Process: Ethyl Acetate
Variety: Castillo, Caturra, Colombia
Altitude: 1400-2000 MASL
Located in southwestern Colombia, Huila is nestled in-between the Central and Eastern ranges of the Andes, with the middle area called the Magdalena Valley. The variation in elevation results in Huila being one of the country's most unique and complex regions of coffee production. Its terroir, climate, and harvest cycles all contribute to the quality of coffee produced here. The most impressive quality behind the coffees coming out of Huila lies in the people producing them. While Huila accounts for nearly 20% of the country's production, 80% of coffee producers operate on less than three hectares.
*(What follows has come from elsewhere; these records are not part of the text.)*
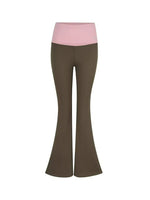 Color-Block Faux-Layered Low-Rise Flared Yoga Pants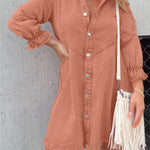 New Washed Denim Puff Sleeve Dress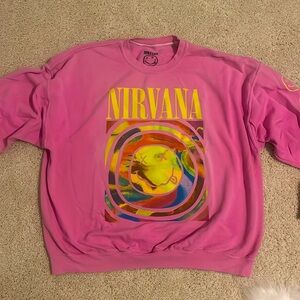 Urban Outfitters NIRVANA Hot Pink Sweatshirt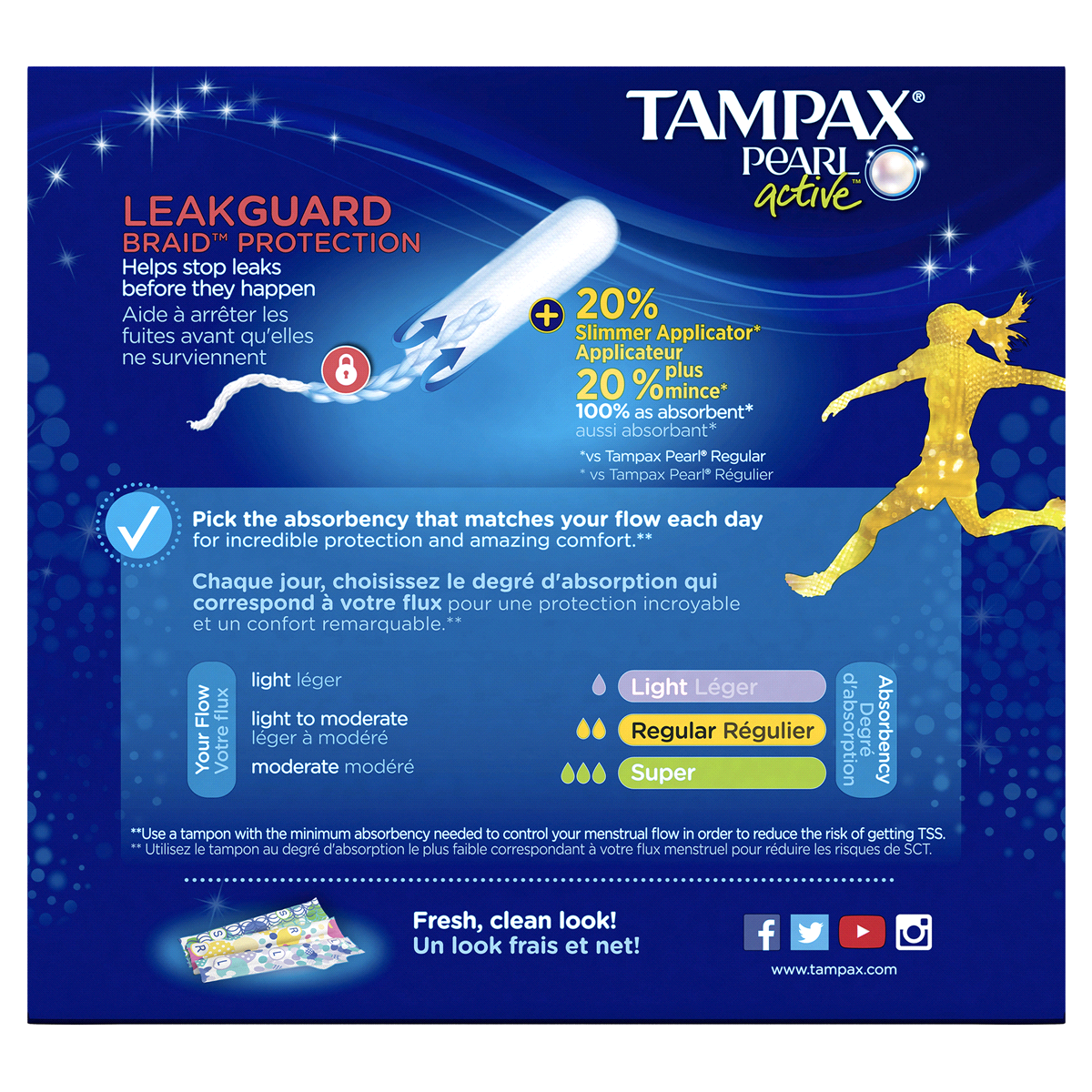 slide 3 of 9, Tampax Pearl Active Unscented Regular Absorbency Tampons, 36 ct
Ethyl acetate is an occurring ester (present in bananas and also as a by-product of fermented sugars) that is used as a solvent to bond with and remove caffeine from green coffee. First, the coffee is sorted and steamed for 30 minutes under low pressure in order to open the coffee seeds’ pores and prepare them for decaffeination. The coffee is placed in a solution of both water and ethyl acetate, where the E.A. will begin to bond with the salts of chlorogenic acids inside the seeds. The tank will be drained and re-filled over the course of eight hours until caffeine is no longer detected. The seeds are steamed once more to remove the ethyl acetate traces, though E.A. is only harmful to humans in very high quantities (400 parts per million or more). The coffee is then dried and polished for export.